View Full Version : Whats the southbridge do??
Bubbafat
August 28th, 2008, 20:54
Well i know what it does and the general idea, but it made me think putting together my friends computer and it didnt have one its like oO bloody hell every mobo i had and have worked on had southbridge!
MT
August 28th, 2008, 21:29
Controls data flow among the mechanical devices (HDD, CD drivers, USB ports)
Princess Garnet
August 28th, 2008, 21:30
Was this a board for an AMD setup? If I remember right, with the memory controller on AMD's chips, the Northbridge lost like 75% of it's purpose, and the two were condensed into the single chip.
Bubbafat
August 28th, 2008, 23:02
No it was 775, It was a Foxconn M7VMX-k, i think the letters and numbers are in right order...It was micro atx.
ElijahTW
August 28th, 2008, 23:13
could it be there and you're just missing it?
blueshogun96
August 29th, 2008, 00:08
Controls data flow among the mechanical devices (HDD, CD drivers, USB ports)
Sometimes it contains audio hardware too. This is how the nVidia NForce/MCP[X] works.
Bubbafat
August 29th, 2008, 00:49
Heres a newegg link, i dont see it ANYWHERE. Kinda odd..Newegg.com - Foxconn M7VMX-K LGA 775 NVIDIA GeForce 7050 / nForce 610i Micro ATX Intel Motherboard - Intel Motherboards (http://www.newegg.com/Product/Product.aspx?Item=N82E16813186138)
It was actually a decent board...Coulda put that in my micro atx case thats not in use...:evil:
runawayprisoner
August 29th, 2008, 01:22
I think those bozos at Newegg just forgot to put the Southbridge in. :p The chip in front of the PCI-E and PCI slots looks a lot like a southbridge chip... and imho, it is.
Fadingz
August 29th, 2008, 01:26
it definitely has one lol, or it cannot use a hdd. [and it is in the pic lol]

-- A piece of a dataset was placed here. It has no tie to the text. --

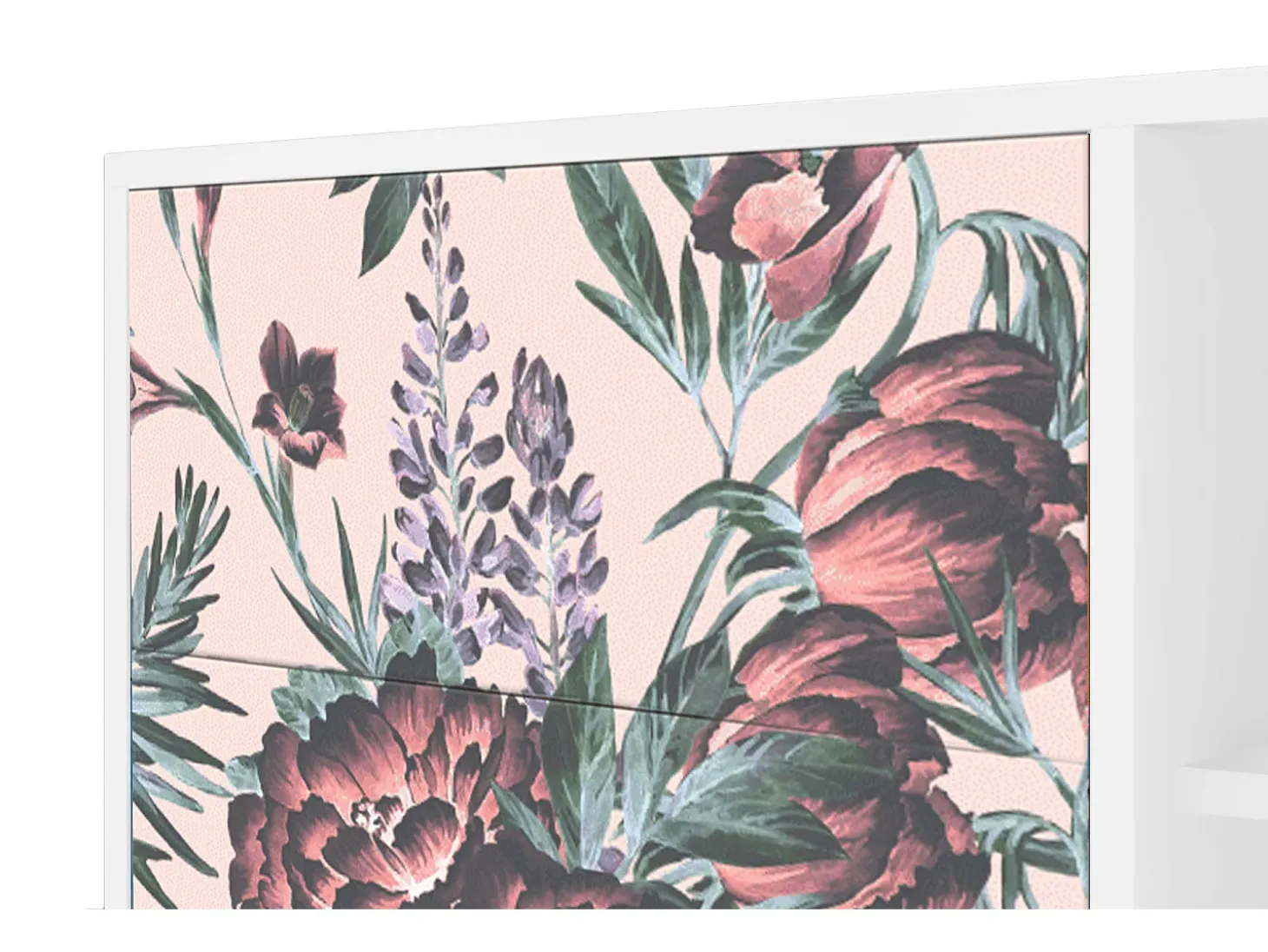Aparador - 125x98x48 cm - BS2 - Peach Peonies, Blanco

Look into the BIOS to see the name.
Princess Garnet
August 29th, 2008, 06:37
Well, whether it's for an AMD or Intel CPU seems to matter not, so I guess my guess was wrong. I do notice that any motherboard that has an Intel northbridge also has a southbridge. Perhaps some of the lesser nVidia (and others, like SIS, VIA, etc.) chipsets have the northbridge and southbridge merged as one, or perhaps the southbridge is so small that it's either the chip runawayprisoner guessed or it's the one by the RAM slots. You see third party chipsets more on AMD boards, so that's why I thought it was related to the memory controller of their chips being on the CPU. Either they're condensed, or they're physically smaller and moved.